*** Begin section ***
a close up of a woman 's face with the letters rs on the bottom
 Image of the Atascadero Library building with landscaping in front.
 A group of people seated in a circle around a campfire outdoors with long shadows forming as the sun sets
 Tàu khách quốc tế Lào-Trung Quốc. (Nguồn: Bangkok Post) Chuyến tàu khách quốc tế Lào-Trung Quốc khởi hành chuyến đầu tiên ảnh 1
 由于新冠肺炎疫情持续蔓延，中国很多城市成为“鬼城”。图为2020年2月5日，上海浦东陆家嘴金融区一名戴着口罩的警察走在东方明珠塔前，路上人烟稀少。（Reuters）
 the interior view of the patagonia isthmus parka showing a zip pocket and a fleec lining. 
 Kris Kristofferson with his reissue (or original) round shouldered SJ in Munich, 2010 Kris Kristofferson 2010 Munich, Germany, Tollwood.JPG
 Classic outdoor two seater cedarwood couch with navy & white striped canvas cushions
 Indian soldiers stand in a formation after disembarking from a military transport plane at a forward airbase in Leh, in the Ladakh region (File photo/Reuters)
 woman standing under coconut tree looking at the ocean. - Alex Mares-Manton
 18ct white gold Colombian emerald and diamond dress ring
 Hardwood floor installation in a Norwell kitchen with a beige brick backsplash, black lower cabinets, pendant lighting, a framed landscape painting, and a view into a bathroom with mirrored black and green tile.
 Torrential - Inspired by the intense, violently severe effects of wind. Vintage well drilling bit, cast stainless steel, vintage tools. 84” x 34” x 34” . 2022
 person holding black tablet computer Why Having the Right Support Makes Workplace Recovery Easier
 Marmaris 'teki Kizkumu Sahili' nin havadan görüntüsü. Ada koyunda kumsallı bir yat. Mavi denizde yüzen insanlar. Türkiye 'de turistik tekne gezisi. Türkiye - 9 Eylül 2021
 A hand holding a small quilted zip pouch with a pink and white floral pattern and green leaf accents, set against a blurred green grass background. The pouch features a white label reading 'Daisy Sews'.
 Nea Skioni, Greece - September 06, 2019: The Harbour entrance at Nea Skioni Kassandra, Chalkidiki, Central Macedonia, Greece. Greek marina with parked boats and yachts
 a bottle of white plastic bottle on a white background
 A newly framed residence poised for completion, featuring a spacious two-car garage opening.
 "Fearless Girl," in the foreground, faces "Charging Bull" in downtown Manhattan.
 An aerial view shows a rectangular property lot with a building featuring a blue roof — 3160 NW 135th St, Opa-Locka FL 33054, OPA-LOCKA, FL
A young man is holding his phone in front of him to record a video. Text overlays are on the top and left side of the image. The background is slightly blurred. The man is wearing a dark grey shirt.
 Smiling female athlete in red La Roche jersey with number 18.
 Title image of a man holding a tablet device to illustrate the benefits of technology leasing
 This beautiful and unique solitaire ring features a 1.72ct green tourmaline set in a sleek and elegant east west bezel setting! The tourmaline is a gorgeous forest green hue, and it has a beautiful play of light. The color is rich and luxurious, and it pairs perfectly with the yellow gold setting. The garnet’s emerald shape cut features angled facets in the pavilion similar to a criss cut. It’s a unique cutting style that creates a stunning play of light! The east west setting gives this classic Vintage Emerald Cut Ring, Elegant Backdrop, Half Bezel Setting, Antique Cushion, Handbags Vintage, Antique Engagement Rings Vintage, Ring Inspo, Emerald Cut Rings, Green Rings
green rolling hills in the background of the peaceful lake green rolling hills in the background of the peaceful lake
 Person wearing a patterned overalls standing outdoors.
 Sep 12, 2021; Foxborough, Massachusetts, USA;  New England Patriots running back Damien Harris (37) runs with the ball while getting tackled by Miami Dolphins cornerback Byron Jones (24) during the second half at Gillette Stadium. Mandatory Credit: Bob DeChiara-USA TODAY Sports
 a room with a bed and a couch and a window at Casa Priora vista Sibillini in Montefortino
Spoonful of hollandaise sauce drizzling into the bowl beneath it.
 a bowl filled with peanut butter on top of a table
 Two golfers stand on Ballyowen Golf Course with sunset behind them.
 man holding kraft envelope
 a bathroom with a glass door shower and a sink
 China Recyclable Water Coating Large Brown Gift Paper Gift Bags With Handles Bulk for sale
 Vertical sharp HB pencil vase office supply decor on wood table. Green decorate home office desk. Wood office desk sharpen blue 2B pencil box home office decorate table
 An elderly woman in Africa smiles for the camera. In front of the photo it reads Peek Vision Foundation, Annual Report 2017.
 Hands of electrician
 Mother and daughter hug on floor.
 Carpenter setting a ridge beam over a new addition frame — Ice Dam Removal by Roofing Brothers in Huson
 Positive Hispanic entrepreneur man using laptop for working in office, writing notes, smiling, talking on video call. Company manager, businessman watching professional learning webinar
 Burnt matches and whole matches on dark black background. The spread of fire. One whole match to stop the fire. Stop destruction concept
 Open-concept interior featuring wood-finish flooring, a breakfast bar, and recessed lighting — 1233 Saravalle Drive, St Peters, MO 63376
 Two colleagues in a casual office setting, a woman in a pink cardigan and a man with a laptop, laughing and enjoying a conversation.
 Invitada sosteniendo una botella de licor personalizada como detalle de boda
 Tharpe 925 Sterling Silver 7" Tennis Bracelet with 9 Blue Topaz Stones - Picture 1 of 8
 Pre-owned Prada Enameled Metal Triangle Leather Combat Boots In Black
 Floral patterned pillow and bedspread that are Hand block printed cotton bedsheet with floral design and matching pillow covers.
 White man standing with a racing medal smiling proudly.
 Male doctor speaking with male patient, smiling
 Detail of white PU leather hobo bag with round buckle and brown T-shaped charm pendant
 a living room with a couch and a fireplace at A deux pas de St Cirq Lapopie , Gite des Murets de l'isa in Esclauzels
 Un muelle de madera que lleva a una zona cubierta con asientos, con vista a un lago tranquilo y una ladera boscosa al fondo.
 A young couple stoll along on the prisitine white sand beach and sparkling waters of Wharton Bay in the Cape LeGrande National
*** End section ***
• [What the exercise asks] Which of the lines above hold the string "concept"? Copy each one.

• [Result below]
 Burnt matches and whole matches on dark black background. The spread of fire. One whole match to stop the fire. Stop destruction concept
 Open-concept interior featuring wood-finish flooring, a breakfast bar, and recessed lighting — 1233 Saravalle Drive, St Peters, MO 63376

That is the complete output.